Musician Carlos Santana stunned fans when he spoke out against the transgender community during a recent concert in Atlantic City, New Jersey, saying, “you know it ain’t right.”

“When God made you and me, before we came out of the womb, you know who you are and what you are,” the 76-year-old “Black Magic Woman” singer and guitarist said in a resurfaced video from the July show, which you can watch above.

“Later on, when you grow out of it, you see things, and you start believing that you could be something that sounds good, but you know it ain’t right. Because a woman is a woman and a man is a man. That’s it,” he continued.

He added that he’s fine with people embracing their transgender identity — as long as they keep it quiet. “Whatever you wanna do in the closet, that’s your business. I’m OK with that.”

Several concertgoers confirmed Santana’s comments to Consequence, with one person saying that the musicians remarks were “very disturbing and seemed to come out of nowhere.”

Another person who was at the show shared their reaction on Reddit: “I went to see Santana tonight in Atlantic City with my parents, my partner, and her mom. Super stoked. One song in though, Carlos Santana stopped and spent a solid 15 minutes spouting the most insane anti-trans bs I’ve maybe ever heard? … Thought music (especially with this history) was supposed to bring us together.”

A different Reddit user who was there, commented, “It was very uncomfortable, especially the guy shouting Amen throughout. It was weird that he went on about how we are all special and unique after.”

Santana also gave a shout-out to his “brother” Dave Chappelle, who has stood by his previous comments in 2021 that he is “Team TERF” (trans-exclusionary radical feminist), who does not support trans women.

“The more you say I can’t say something, the more urgent it is for me to say it,” Chappelle said in his 2022 Netflix “What’s in a Name?” “And it has nothing to do with what you’re saying I can’t say. It has everything to do with my right, my freedom, of artistic expression. That is valuable to me.” Chappelle also called people who criticized him “instruments of oppression.”

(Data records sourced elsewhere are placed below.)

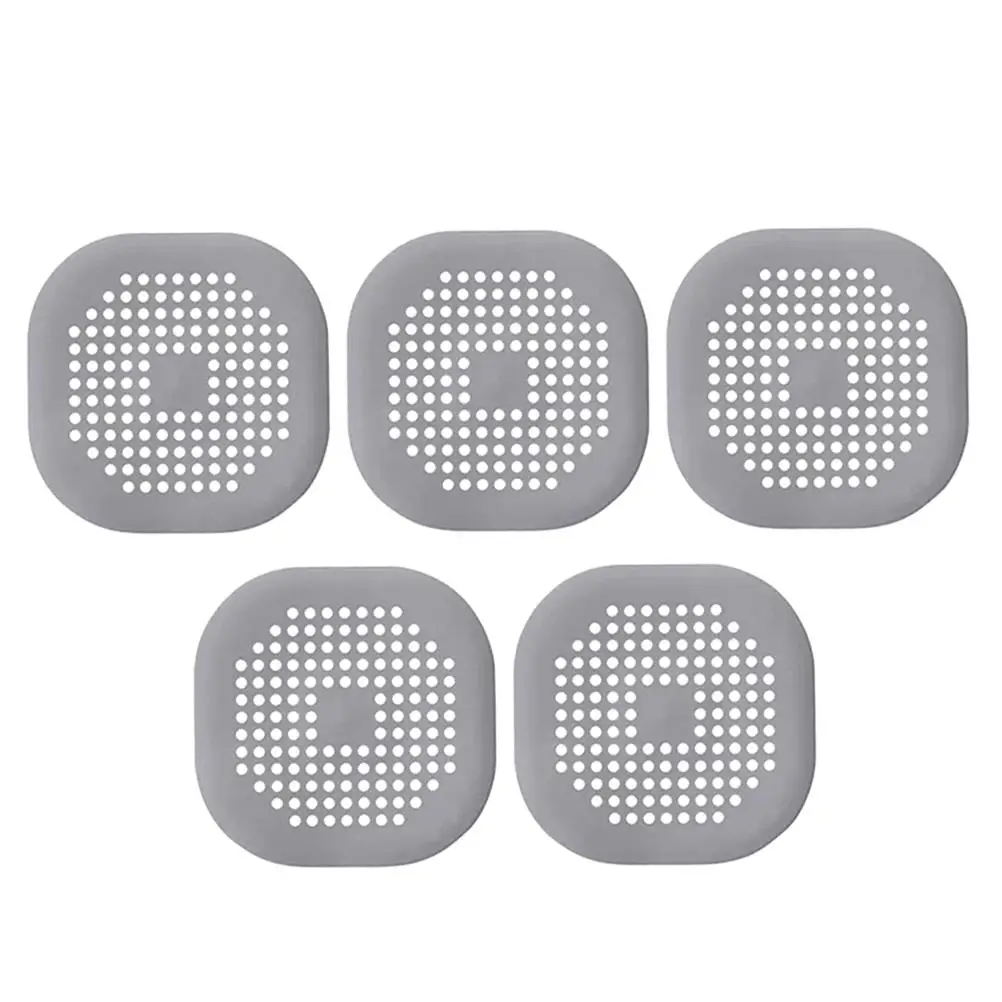 

5 Pcs Hair Catcher Kitchen Supplies Strainer Anti clogging Sink Filter Sewer Col ers Shower Drain Bathroom Facilities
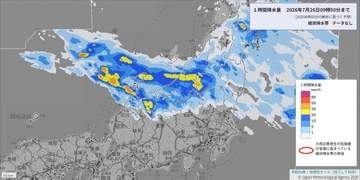 【大雨警戒】新潟と石川で1時間50ミリの非常に激しい雨の恐れ これまでの雨で地盤緩む所も きょう26日夕方にかけて土砂災害や氾濫に厳重警戒【降水と風のシミュレーション】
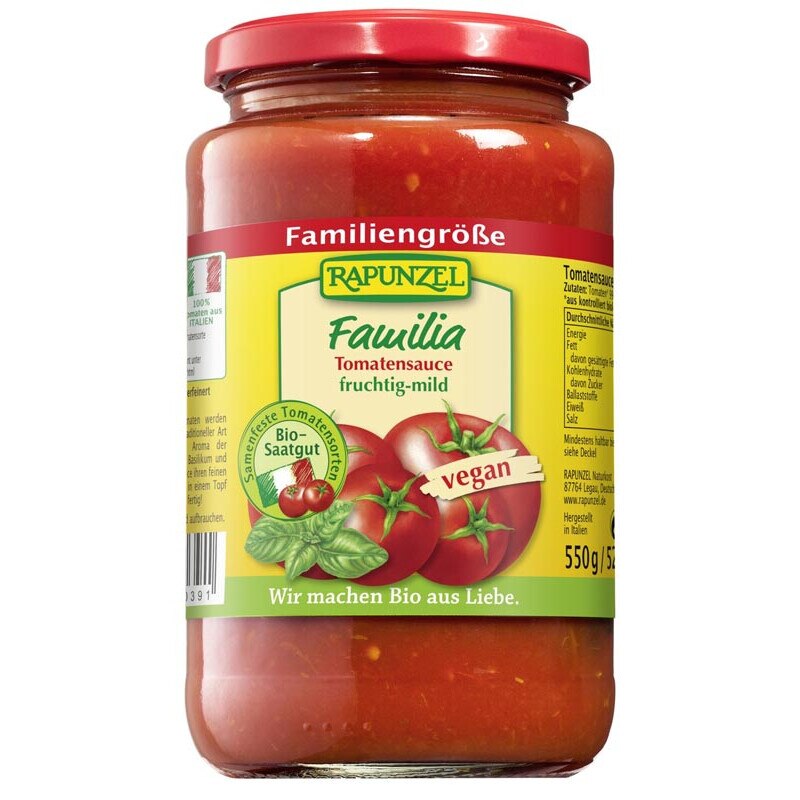 Pasta de tomate Familia Vegan Bio Rapunzel 550 g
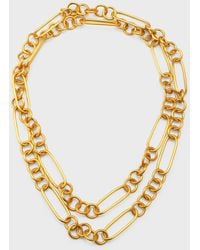 Nest - Brushed Long Chain Necklace - Lyst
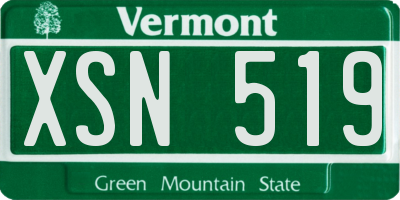 VT license plate XSN519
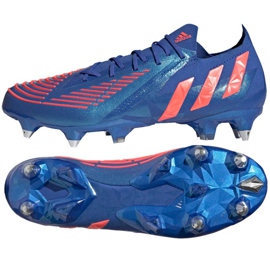 Adidas Predator Edge.1 L Sg M H02973 fotbollsskor blå blå
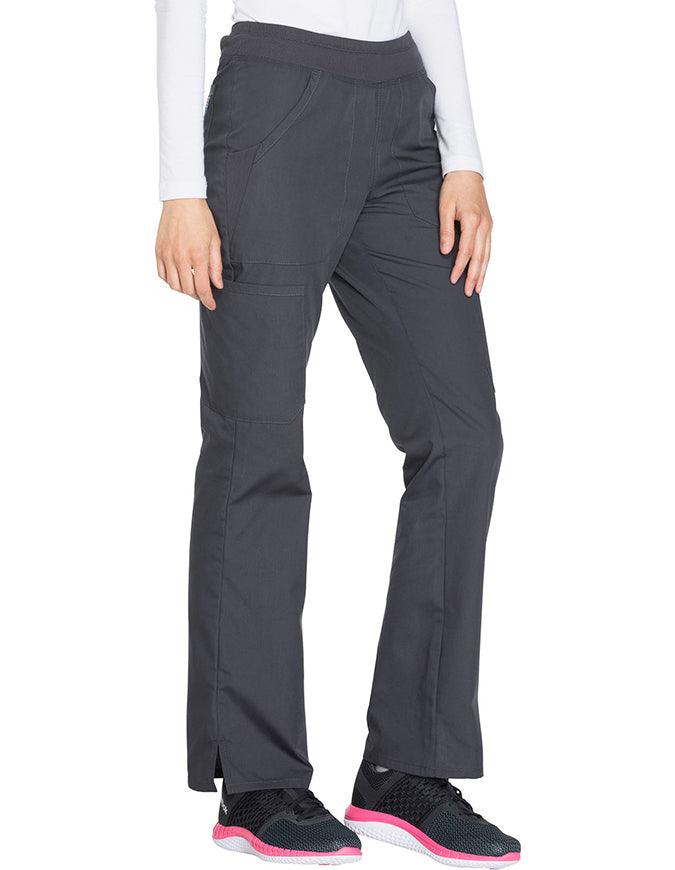 Cherokee Workwear Women's Mid Rise Straight Leg Pull-on Cargo Pant - Pewter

Santana, whose other hits include “Evil Ways” and “Smooth,” revealed to Rolling Stone in 2000 that he had been sexually abused when he was a child. In June, he told People that he had forgiven his abuser.“There’s this saying, ‘Hurt people hurt people.’ It’s my pain. It did happen to me. But if you open your hands, and you let it go, then you don’t feel that anymore,” he said.

The musician has been out promoting his documentary “Carlos: The Santana Journey,” which hits theaters in September.

TheWrap has reached out to Santana’s rep for comment.